Rittase's photographs celebrating Depression-era workers and industry are subtly deceptive. At first glance, the work is stylish and Sheeleresque, all ground-level views and sharp, oblique angles, looking up at industry literally as well as figuratively. But what you're actually seeing are highly manipulated images having little to do with "reality." Those perfect cotton-candy clouds against which the industrial shovel stands out? Sheer illusion; the exact same clouds reappear over and again in Rittase's work. His art is the product of another great piece of machinery, the enlarger. By combining prints and using photograms, he turned reality into abstraction, and the rarest form of abstraction, at that: interesting abstraction.

The other small miracle in this show consists of two photographs by Carlotta Corpron. From the '30s until the late '60s, Corpron taught art history, design and photography at, of all places, Texas Woman's University. For a brief period during the '40s, she worked as an assistant for the famous art photographer Laszlo Moholy-Nagy; still later she worked with Moholy-Nagy's associate, the painter, designer, photographer and theorist Gyorgy Kepes, whom Corpron once described as "the only influence on my work."
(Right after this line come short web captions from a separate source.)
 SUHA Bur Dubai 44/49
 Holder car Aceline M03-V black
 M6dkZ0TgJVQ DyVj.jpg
No less important a figure than Alfred Stieglitz once said that Corpron's photographs "changed the way he saw the world." Unfortunately, Stieglitz died the next year, and so Corpron remained virtually undiscovered. The two photographs at PDNB are seminal works that literally define phases of her experiments with light and form. Both are sensuous pictures in which everyday objects take on an abstract, even surreal quality. The first and most handsome, "Light Follows Form," examines the effect of light filtered through venetian blinds on undulating surfaces. The second, "Eggs Reflected and Multiplied," is from her "space compositions" series, a group of works devoted to investigating how light creates illusions of depth. The title pretty well sums up the subject of this work, which she considered among her best--which, for her, meant most original--work.
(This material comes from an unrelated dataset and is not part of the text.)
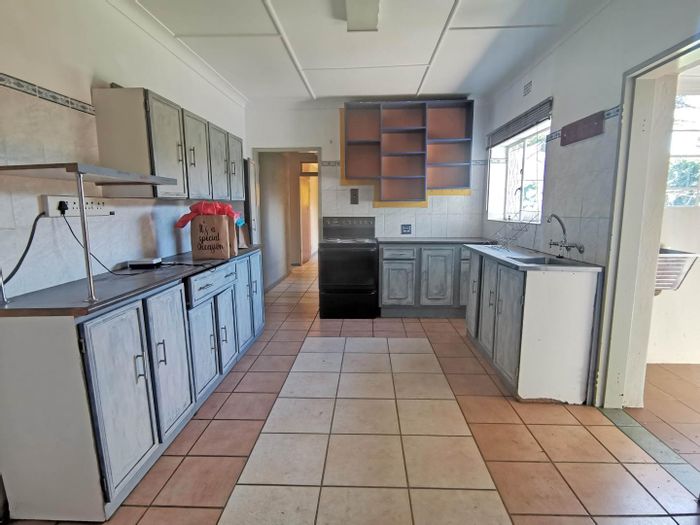 Florentia Property property and houses to rent in Florentia, Alberton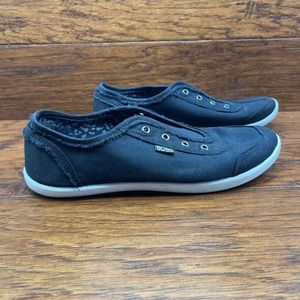Bobs Sketchers Casual Shoes Slip-On 11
Dallas photographer Jin-Ha Huang's work, now part of a group show at Mulcahy Modern Gallery, is very much in the spirit of Corpron's experiments with light. Huang, at twentysomething a baby artist, does totally abstract photos of--well, what? Blurred water droplets on some unidentifiable surface, or clouds, or maybe some distant galaxy. The quality that saves Huang's work from the slag heap of artsy-fartsy abstract photographic meditations on who-knows-what is her tones. The work is printed on aluminum, and the results are luscious. It will be interesting to see whether she can marry interesting subject matter to this promising medium.